*DATA RECORDS*:
····················

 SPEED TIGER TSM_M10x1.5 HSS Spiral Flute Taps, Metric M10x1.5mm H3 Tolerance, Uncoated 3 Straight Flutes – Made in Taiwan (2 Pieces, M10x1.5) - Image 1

····················

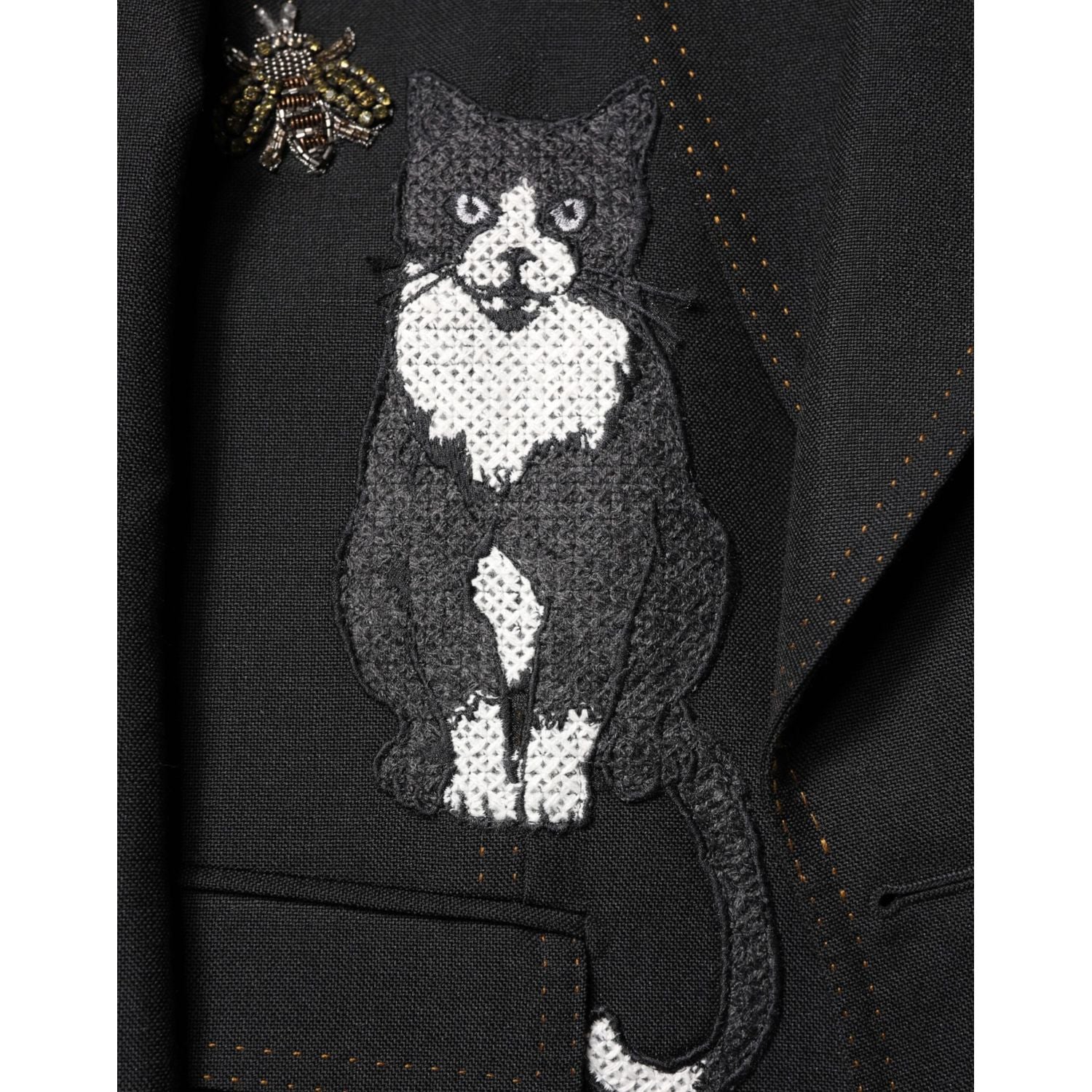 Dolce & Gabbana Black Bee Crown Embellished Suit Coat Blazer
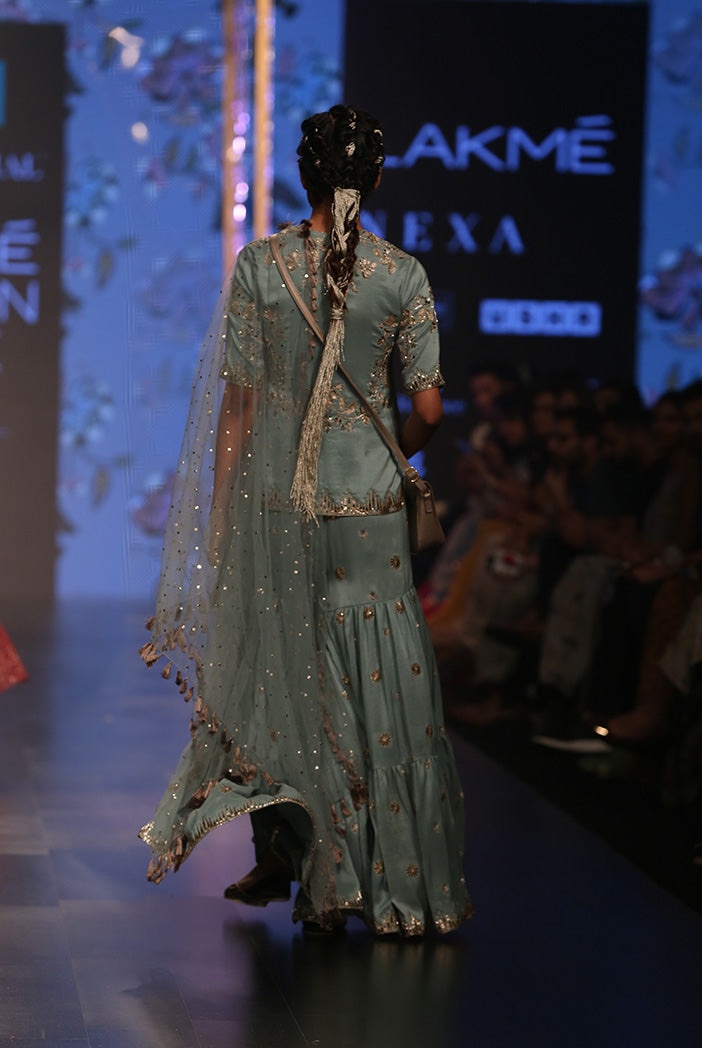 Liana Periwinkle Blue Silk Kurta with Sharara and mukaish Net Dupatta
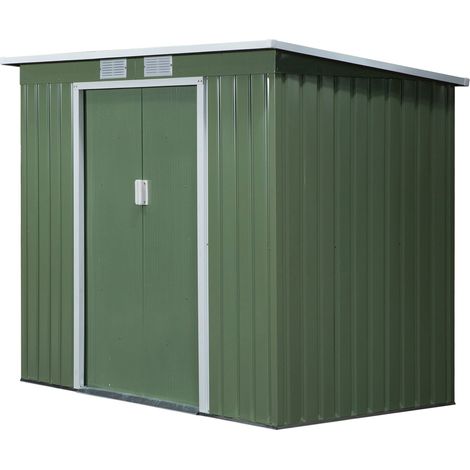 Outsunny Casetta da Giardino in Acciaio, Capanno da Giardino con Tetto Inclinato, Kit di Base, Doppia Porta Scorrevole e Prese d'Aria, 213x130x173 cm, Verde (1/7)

····················

*PROBLEM TO WORK ON*:
The answer is the lines of the material above, from the one containing "Liana Periwinkle Blue" down to the one containing "Outsunny Casetta da", given exactly and without images.

*WRITTEN ANSWER*:
 Liana Periwinkle Blue Silk Kurta with Sharara and mukaish Net Dupatta
 Outsunny Casetta da Giardino in Acciaio, Capanno da Giardino con Tetto Inclinato, Kit di Base, Doppia Porta Scorrevole e Prese d'Aria, 213x130x173 cm, Verde (1/7)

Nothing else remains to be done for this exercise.